In continuation of our understanding of the concept of Correlation, it is important to classify the types of correlation to gain a more structured view of how different variables interact in various circumstances. This classification is not just theoretical but it is extremely useful in selecting the appropriate method of analysis based on the type of data and research question.

Classification of Correlation
Correlation can be classified on the basis of three major criteria:
- Based on Direction of Relationship
- Based on the Number of Variables Involved
- Based on the Consistency of the Relationship
a. Based on Direction of Relationship
1. Positive Correlation
When two variables move in the same direction, the correlation is said to be positive. That means, when one variable increases, the other also increases, and when one decreases, the other also decreases.
Example: Height and weight of individuals usually show a positive correlation. As height increases, weight also tends to increase.
2. Negative Correlation
In negative correlation, the variables move in opposite directions. When one increases, the other decreases, and vice versa.
Example: Number of hours spent watching TV and academic performance. As screen time increases, academic performance may decrease.
b. Based on Number of Variables
1. Simple Correlation
When the relationship is studied between only two variables, it is known as simple correlation.
Example: Relationship between price and demand.
2. Multiple Correlation
When the relationship is studied among more than two variables at the same time, it is referred to as multiple correlation.
Example: Studying how advertising expenses and pricing together influence sales revenue.
3. Partial Correlation
Partial correlation measures the relationship between two variables while controlling the effect of one or more additional variables.
Example: Measuring the correlation between study hours and exam performance while holding the number of sleep hours constant.
c. Based on Consistency of Relationship
1. Linear Correlation
If the rate of change between the two variables is constant, the correlation is called linear. In a graph, this is represented by a straight line.
Example: Distance travelled and fuel used—more distance usually means more fuel consumption, in a steady, linear manner.
Formula: Karl Pearson’s correlation coefficient is typically used in such cases.
2. Non-linear (Curvilinear) Correlation
When the relationship between two variables is not constant or changes in rate, it is referred to as non-linear or curvilinear correlation. The graph of such a correlation will be a curve, not a straight line.
Example: The relationship between stress and productivity. Initially, productivity increases with stress up to a point, then declines.
Types of Correlation
Criteria | Type | Description | Example |
---|---|---|---|
Direction | Positive | Both variables increase or decrease together | Height and weight |
Negative | One variable increases while the other decreases | TV time and academic performance | |
Number of Variables | Simple | Involves two variables only | Price and demand |
Multiple | Involves more than two variables | Advertising, pricing, and sales | |
Partial | Effect of one variable on another, keeping others constant | Study time and marks, controlling for sleep | |
Consistency | Linear | Change between variables is uniform; straight line graph | Distance and fuel used |
Non-linear | Change is not uniform; curvilinear graph | Stress and productivity |
Common Misunderstandings and Clarifications
- Correlation is not causation: A high correlation does not mean one variable causes the other to change.
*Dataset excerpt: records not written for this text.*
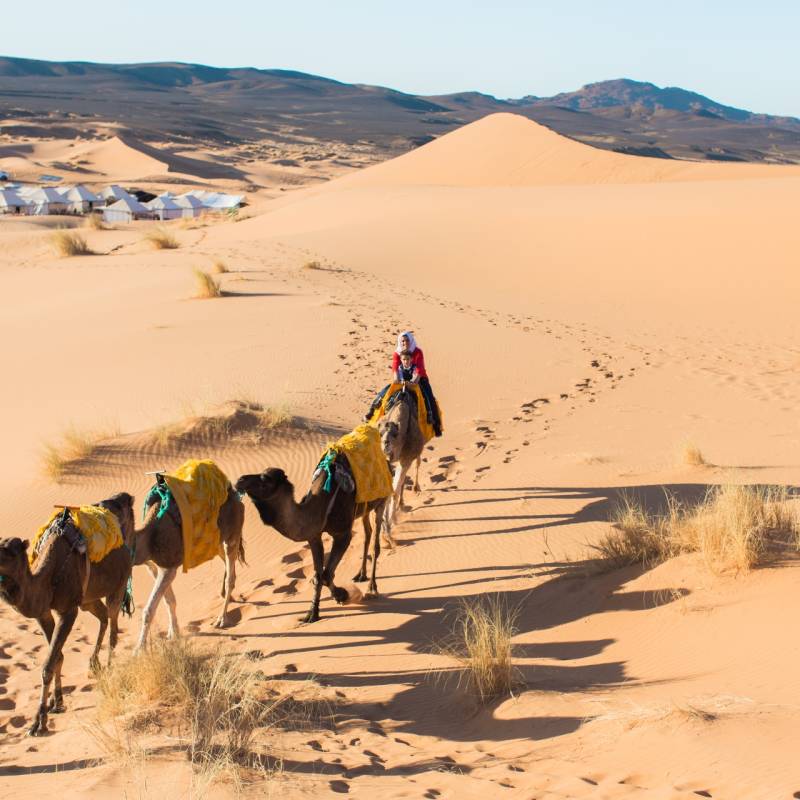 Camels - Desert Luxury Camp
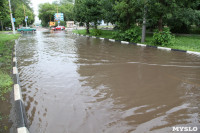 Потоп в Заречье 30 июня 2016, Фото: 29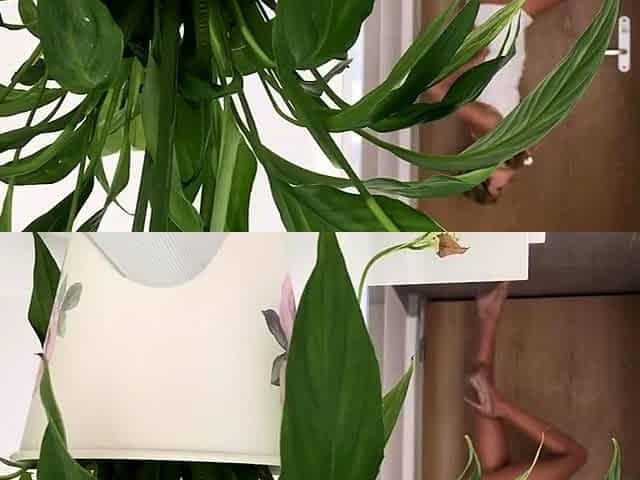 Hot Teen Blowjob Handjob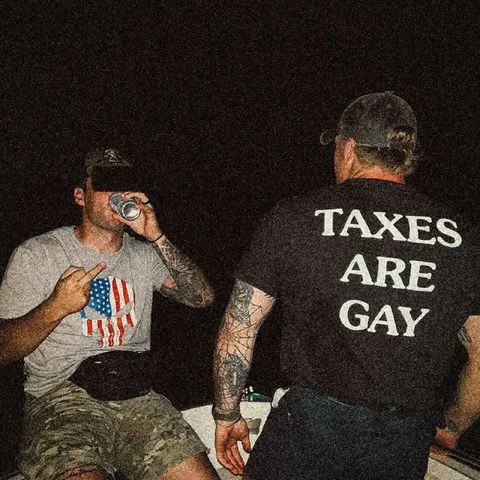 Taxes Are Gay Shirt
- Zero correlation ≠ No relationship: A zero correlation only indicates no linear relationship; there could still be a non-linear relationship.
- Graphical check is useful: Always visualize data to understand the pattern before concluding the type of correlation.
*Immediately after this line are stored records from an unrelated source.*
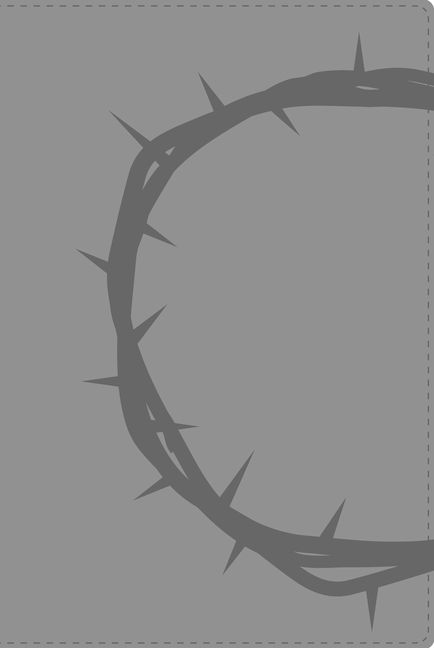 NVI Santa Biblia ultrafina, dos tonos italiana gris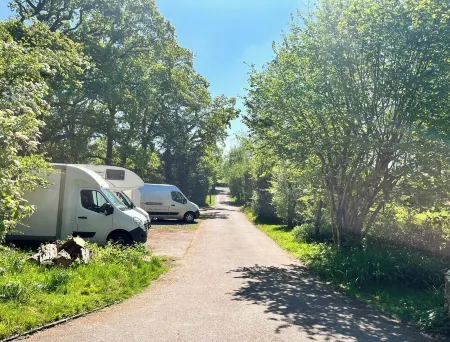 Secluded Sussex Studio with Private Forest Access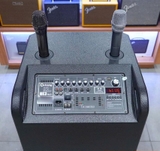 Loa kéo Arirang MK3 Max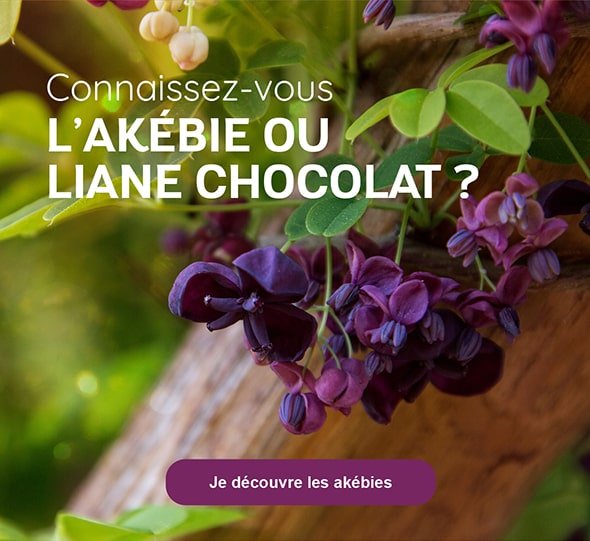 Connaissez-vous l'Akébie ou liane Chocolat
When to Use Each Type of Correlation
The classification of correlation helps in choosing the right statistical method for analysis:
- Use simple correlation when working with only two variables.
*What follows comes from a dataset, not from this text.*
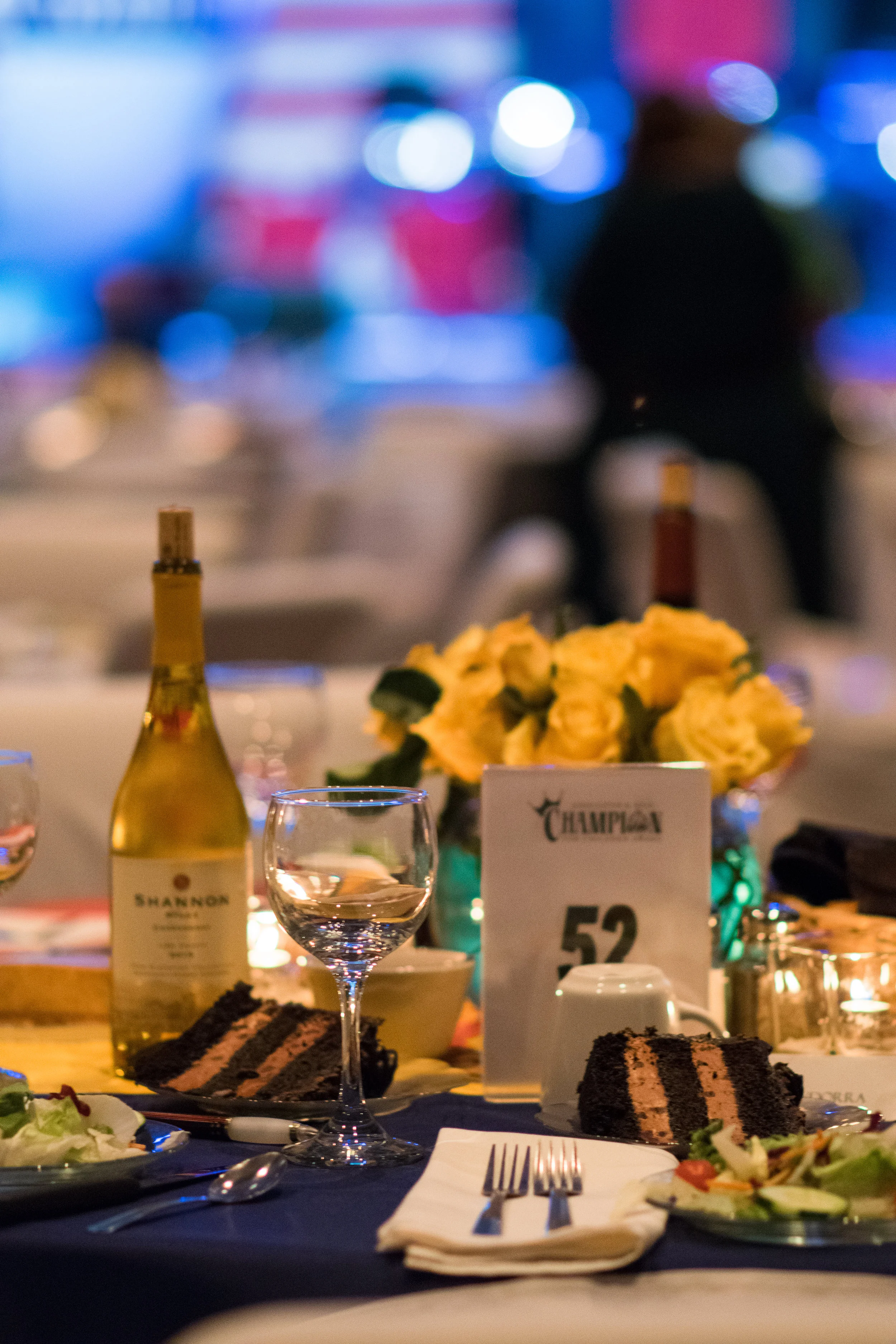 CFC GALA 2017 (117).jpg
- Use multiple correlation when multiple independent variables are assumed to influence the dependent variable.
- Use partial correlation to isolate the effect of one variable from others.
- Use linear correlation methods like Pearson’s coefficient when the relationship is expected to be constant.
- Use curve-fitting or other non-linear models if the scatter diagram shows a curve.
Summary
Understanding the types of correlation is essential for accurate data interpretation and analysis in business statistics. By classifying correlation based on direction, number of variables, and consistency, we gain a multi-dimensional understanding of how data behaves. This knowledge guides us to choose the correct method of analysis and enhances our ability to interpret statistical findings in a real-world business context.